El último informe de empleos

El Promedio Industrial Dow Jones, que perdió más de 1,000 puntos el jueves , subió 30 puntos el viernes por la mañana, ya que el S & P 500, que tiene una base más amplia, y el Nasdaq con tecnología avanzada también se movieron al negro para luego perder esas ganancias.

Al mediodía, el Dow había caído más de 200 puntos. En su curso actual, el Dow caerá más del 6%, su mayor caída de una semana desde octubre de 2008.

Los mercados bursátiles mundiales han caído bruscamente desde los recientes máximos históricos durante la última semana.

La derrota comenzó el viernes pasado después de que se publicó el último informe de empleos de EE. UU. El informe indica un crecimiento más fuerte de lo esperado en los salarios [VIDEO], lo que agrega presión sobre la Reserva Federal para elevar las tasas a fin de evitar la inflación.

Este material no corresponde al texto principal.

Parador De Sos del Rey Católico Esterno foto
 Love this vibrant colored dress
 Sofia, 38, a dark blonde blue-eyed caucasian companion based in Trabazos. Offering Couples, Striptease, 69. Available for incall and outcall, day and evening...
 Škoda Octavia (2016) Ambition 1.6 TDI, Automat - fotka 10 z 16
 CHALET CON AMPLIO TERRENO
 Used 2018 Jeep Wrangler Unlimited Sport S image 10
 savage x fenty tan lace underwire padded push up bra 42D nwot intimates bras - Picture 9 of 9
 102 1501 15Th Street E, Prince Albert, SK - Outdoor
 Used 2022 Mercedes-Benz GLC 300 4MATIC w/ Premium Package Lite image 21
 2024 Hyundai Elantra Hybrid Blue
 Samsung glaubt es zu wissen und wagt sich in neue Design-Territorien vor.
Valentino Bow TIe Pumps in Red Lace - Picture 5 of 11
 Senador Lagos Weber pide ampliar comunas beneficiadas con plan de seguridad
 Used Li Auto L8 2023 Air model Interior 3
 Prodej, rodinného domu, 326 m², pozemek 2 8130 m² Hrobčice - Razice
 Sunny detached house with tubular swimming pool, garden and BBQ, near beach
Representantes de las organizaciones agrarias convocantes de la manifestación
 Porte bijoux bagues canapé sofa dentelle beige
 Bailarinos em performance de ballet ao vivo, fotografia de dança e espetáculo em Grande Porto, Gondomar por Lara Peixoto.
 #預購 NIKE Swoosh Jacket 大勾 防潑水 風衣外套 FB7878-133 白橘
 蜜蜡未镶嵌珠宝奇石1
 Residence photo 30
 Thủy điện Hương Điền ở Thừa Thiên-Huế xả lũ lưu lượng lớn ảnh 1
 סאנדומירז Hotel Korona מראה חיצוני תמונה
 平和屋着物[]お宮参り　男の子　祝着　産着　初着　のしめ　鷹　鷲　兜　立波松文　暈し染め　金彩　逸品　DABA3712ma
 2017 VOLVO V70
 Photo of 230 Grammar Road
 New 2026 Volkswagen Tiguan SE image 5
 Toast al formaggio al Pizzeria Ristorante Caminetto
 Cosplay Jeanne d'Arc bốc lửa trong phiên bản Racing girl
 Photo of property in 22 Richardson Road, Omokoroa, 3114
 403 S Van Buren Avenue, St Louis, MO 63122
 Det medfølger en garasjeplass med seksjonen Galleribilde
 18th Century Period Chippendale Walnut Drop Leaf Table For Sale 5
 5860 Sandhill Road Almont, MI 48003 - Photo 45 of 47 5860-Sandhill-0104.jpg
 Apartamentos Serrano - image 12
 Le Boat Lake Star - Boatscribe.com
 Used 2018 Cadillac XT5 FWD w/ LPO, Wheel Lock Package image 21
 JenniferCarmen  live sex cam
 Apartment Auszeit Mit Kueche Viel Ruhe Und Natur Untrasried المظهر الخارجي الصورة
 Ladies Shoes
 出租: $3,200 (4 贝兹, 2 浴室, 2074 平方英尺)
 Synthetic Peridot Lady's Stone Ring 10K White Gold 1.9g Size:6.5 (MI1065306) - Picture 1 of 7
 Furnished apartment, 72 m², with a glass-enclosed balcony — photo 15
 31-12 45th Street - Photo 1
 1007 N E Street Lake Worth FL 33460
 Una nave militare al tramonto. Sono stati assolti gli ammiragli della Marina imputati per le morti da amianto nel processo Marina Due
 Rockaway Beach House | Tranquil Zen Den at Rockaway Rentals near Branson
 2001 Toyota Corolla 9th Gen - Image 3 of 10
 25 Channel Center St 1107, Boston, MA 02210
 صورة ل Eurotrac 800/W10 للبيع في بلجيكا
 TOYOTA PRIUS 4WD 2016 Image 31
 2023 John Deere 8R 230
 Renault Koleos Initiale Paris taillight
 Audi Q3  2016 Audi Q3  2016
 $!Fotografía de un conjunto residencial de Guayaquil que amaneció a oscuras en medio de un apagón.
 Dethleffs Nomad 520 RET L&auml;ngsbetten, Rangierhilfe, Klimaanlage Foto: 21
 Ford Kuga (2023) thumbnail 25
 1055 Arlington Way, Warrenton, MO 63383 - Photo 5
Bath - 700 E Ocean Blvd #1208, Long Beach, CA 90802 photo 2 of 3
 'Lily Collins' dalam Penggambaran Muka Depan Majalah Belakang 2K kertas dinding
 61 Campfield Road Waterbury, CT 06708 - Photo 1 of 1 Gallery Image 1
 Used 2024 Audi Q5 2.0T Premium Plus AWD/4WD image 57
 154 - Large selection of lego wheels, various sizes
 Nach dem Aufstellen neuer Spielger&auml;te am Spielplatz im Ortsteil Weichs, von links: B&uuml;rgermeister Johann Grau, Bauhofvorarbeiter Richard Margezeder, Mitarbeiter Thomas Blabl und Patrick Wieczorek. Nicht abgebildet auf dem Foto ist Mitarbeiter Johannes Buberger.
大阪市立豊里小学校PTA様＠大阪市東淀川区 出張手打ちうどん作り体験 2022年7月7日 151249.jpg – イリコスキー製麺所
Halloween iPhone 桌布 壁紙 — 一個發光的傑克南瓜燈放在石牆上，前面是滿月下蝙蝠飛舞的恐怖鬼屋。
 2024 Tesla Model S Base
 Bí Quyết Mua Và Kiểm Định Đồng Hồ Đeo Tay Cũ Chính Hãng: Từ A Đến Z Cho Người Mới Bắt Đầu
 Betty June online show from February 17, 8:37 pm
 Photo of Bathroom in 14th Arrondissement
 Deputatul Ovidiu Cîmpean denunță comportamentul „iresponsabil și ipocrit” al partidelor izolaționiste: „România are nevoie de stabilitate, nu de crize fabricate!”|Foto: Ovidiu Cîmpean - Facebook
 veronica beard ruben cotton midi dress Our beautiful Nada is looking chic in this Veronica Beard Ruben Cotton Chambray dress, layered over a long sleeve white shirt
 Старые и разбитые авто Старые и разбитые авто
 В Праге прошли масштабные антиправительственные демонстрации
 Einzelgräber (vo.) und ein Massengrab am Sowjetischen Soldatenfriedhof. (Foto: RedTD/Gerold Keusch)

En Londres, el FTSE 100 cerró con un 1%, mientras que el DAX de Alemania y el CAC de Francia también perdieron terreno. Las movidas se produjeron después de las caídas en los intercambios asiáticos con el Nikkei 225 de Tokio con un descenso del 2,3% y el Hang Seng de Hong Kong con un descenso del 3,1%. La venta masiva se extendió a los precios del crudo y los futuros del crudo estadounidense cayeron $ 1,42, o un 2,32%, a $ 59.73 el barril en la bolsa mercantil de Nueva York.

Peter Cardillo, economista jefe de mercado de First Standard Financial en Nueva York, dijo que la volatilidad en los mercados financieros probablemente continuaría.

"Esto es típico de un mercado que aún no se ha corregido por completo", dijo. "Lo que estamos viendo aquí es la incertidumbre y los inversores vendiendo a los mítines". Un salto en el rendimiento de los bonos del Tesoro de Estados Unidos a 10 años, un indicador clave de la presión inflacionaria y la probabilidad de mayores tasas de interés, parece ser un factor importante en la última ola de ventas.

Temprano en la mañana del viernes, el Congreso firmó un proyecto de ley de financiamiento a corto plazo por $ 400bn para mantener abierto el gobierno de los EE. UU. Y Cardillo dijo que esa movida también podría aumentar la volatilidad. La economía en general se mantiene sólida con un fuerte crecimiento del empleo y ganancias corporativas. "Pero lo que ha cambiado es que el presidente ha firmado una nueva ley provisional para reabrir el gobierno y con eso viene un precio: una gran cantidad de gastos. Los mercados temen que el aumento de los déficits signifique una Fed más dura ".

El mercado accionario y la economía

El acuerdo se produce después de que Donald Trump impulsara una revisión del sistema tributario estadounidense que se espera que cueste $ 1.5bn.

El Comité no partidista para un presupuesto federal responsable calcula que el nuevo acuerdo de financiamiento agrega $ 420bn con intereses a la deuda nacional en 10 años y que si se amplía y los recortes tributarios se extienden, el déficit anual de los EE. UU. Está en camino a alcanzar los $ 2.1 billones para el 2027. Marc Goldwein, vicepresidente senior del Comité para un Presupuesto Federal Responsable, dijo que el gobierno de los Estados Unidos estaba "jugando con fuego".

A corto plazo, dijo que era difícil especular qué impulsaba "cada bache y rebote" en los mercados, pero que el aumento de los déficits a largo plazo probablemente tendría importantes ramificaciones para el mercado accionario y la economía estadounidense en general. "Este tipo de nivel de deuda es insostenible [VIDEO]", dijo.

Los mercados bursátiles están ahora un 10% por debajo de los máximos alcanzados a fines de enero, una caída conocida como corrección. Los mercados tendrían que caer otro 10% para que entren en un "mercado bajista" donde el pesimismo supera el optimismo en los mercados financieros.